Those are based on your version of gcc(1), which by default on FreeBSD 8.0 is 4.2.1.  If you poke your head into /usr/share/mk/bsd.cpu.mk you'll see all the aliases that the base make system passes to gcc.  Note that you can install version of gcc from ports that allows you to use other flags.  It looks like prescott/nocona is as good as it gets for 4.2.1, though, & most of your CFLAGS are redundant.

I don't recall (or care to look up) if the atom chips support sse4, which is about all that'll matter to you (I hear tell that [red]-O666[/red] causes wet newspapers to rain on you for eternity).  If they don't you're no worse off either way.

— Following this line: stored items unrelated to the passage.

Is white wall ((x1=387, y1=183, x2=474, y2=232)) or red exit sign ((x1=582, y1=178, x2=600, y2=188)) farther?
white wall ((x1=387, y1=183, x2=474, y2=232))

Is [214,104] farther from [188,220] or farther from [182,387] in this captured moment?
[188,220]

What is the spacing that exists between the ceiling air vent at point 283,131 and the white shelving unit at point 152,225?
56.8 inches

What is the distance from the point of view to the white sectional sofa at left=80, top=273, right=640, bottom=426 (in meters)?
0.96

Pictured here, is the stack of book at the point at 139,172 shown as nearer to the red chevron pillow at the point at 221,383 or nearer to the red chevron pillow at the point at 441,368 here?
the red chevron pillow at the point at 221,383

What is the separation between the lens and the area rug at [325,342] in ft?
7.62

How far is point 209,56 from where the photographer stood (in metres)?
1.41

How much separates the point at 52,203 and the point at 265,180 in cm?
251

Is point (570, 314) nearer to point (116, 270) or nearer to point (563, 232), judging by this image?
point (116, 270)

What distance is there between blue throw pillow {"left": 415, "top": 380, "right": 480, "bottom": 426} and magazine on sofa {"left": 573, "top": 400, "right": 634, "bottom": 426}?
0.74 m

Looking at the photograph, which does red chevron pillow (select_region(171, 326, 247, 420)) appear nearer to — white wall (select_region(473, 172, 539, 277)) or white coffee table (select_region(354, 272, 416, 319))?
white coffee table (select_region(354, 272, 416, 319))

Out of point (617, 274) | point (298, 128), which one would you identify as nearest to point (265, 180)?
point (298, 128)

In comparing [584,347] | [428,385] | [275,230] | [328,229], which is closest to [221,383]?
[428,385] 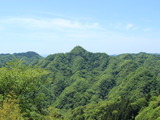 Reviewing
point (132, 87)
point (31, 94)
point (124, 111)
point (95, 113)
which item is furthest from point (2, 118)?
A: point (132, 87)

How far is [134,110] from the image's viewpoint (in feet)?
325

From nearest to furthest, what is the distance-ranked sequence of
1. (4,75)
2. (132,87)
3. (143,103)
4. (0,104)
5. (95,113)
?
(0,104) < (4,75) < (143,103) < (95,113) < (132,87)

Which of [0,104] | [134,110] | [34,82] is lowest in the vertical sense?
[134,110]

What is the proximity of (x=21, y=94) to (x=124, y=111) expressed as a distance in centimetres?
7180

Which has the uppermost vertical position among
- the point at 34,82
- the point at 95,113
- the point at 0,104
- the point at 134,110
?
the point at 34,82

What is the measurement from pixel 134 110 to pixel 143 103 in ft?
32.7

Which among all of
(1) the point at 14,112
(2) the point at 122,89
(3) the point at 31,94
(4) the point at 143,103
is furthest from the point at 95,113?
(1) the point at 14,112

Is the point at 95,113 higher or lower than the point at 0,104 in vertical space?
lower

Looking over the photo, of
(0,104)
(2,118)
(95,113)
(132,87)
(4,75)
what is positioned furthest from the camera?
(132,87)

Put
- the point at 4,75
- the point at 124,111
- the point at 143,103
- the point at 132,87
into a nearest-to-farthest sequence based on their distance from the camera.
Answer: the point at 4,75, the point at 124,111, the point at 143,103, the point at 132,87

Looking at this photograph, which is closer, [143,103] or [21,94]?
[21,94]

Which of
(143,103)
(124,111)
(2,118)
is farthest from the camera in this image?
(143,103)

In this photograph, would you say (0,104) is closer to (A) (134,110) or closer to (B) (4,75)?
(B) (4,75)

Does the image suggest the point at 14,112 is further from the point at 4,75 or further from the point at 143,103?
the point at 143,103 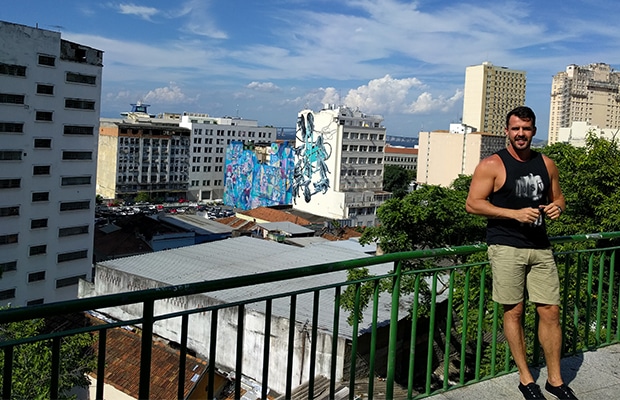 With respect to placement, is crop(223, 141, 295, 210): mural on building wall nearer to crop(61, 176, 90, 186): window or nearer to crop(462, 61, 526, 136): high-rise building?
crop(61, 176, 90, 186): window

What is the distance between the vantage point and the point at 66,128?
36.5 metres

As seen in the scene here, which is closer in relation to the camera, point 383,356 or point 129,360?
point 129,360

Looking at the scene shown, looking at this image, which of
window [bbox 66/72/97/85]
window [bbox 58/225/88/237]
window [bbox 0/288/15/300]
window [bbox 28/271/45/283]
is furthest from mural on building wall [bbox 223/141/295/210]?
window [bbox 0/288/15/300]

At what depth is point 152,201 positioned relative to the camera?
265 ft

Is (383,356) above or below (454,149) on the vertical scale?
below

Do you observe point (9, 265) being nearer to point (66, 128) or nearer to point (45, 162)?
point (45, 162)

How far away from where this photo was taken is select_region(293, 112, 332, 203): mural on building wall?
74.4 m

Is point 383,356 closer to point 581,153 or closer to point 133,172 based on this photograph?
point 581,153

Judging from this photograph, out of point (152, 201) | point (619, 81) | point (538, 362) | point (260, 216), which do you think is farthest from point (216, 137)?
point (538, 362)

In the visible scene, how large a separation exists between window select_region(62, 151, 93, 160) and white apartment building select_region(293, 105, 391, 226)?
3557 centimetres

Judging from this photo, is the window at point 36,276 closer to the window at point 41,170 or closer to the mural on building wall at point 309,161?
the window at point 41,170

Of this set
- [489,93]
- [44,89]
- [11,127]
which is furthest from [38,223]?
[489,93]

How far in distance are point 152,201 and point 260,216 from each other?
90.2ft

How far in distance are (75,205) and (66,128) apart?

In any case, Gentoo probably runs a slightly "better" version of gcc, & further, "atom" is probably aliased to "prescott" (& you could always edit your local copy of /usr/share/mk/bsd.cpu.mk if it makes you happy).


----------



## dennylin93 (May 21, 2010)

As a general rule, don't even touch CFLAGS. It's not necessary and breaks stuff. Optimization is already added when using Ports.

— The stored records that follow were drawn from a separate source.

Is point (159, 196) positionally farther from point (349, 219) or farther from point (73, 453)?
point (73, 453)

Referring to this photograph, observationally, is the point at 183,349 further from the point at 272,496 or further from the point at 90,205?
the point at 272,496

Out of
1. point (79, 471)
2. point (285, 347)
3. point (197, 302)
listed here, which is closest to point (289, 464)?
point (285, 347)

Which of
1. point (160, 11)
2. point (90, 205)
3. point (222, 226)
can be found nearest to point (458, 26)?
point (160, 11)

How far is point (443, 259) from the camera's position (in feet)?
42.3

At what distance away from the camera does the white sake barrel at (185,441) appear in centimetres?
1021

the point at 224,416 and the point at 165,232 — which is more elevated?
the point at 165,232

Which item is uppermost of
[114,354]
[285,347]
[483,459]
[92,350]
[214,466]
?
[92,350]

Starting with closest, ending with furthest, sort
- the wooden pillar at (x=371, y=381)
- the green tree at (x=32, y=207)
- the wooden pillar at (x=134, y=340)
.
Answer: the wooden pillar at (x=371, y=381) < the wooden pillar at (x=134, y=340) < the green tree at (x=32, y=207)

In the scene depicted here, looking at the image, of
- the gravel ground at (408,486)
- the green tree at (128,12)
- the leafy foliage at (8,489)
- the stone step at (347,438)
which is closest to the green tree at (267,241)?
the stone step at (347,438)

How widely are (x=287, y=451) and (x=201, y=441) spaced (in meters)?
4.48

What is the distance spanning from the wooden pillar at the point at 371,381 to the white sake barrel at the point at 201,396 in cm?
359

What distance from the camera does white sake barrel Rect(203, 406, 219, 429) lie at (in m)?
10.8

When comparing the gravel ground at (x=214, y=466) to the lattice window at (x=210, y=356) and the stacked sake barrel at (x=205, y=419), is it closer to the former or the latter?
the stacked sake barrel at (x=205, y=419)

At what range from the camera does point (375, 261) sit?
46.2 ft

Setting CPUTYPE should be enough. Sometimes the benefits aren't even noticeable though.


----------



## SirDice (May 21, 2010)

sysman said:
			
		

> Hi. "make.conf", what are best options for atom processor? My lines related to make.conf are:
> CPUTYPE?=prescott
> CFLAGS= -mtune=prescott -march=prescott -O2 -pipe -funroll-loops -fomit-frame-pointer


None, nothing, remove them, all of them.

Playing around with CFLAGS will mean your kernel and base can produce strange errors. As soon as you run into problems people will suggest to remove them and recompile everything. The 'improved' performance will be marginal at best anyway.


----------



## fronclynne (May 21, 2010)

Indeed.  if you set CPUTYPE, then -mtune is already set correctly automatically. & -march is redundant most of the time (but might be set, I don't know).  -O2 & -fomit-frame-pointer are set by default everywhere that it is known to be safe, & -funroll-loops doesn't help very much if you're not a computer scientist discovering computers on the moon.


----------



## sysman (May 21, 2010)

fronclynne said:
			
		

> Indeed.  if you set CPUTYPE, then -mtune is already set correctly automatically. & -march is redundant most of the time (but might be set, I don't know).  -O2 & -fomit-frame-pointer are set by default everywhere that it is known to be safe, & -funroll-loops doesn't help very much if you're not a computer scientist discovering computers on the moon.



Hey, I'm typing from international mars orbital station, could be enough? :e :e :e

SYS


----------



## sysman (May 21, 2010)

Ok many thanks to you all. 
@SirDice/@dennylin93 . I'll get rid off CFLAGS statement and keep CPUTYPE instead. Thanks.
@fronclynne. Thanks for the tips!

SYS


----------



## SirDice (May 21, 2010)

If you want to know more about getting the most out of your system read the tuning(7) man page.


----------



## sysman (May 21, 2010)

what about using a benchmark/perf tool suite?


----------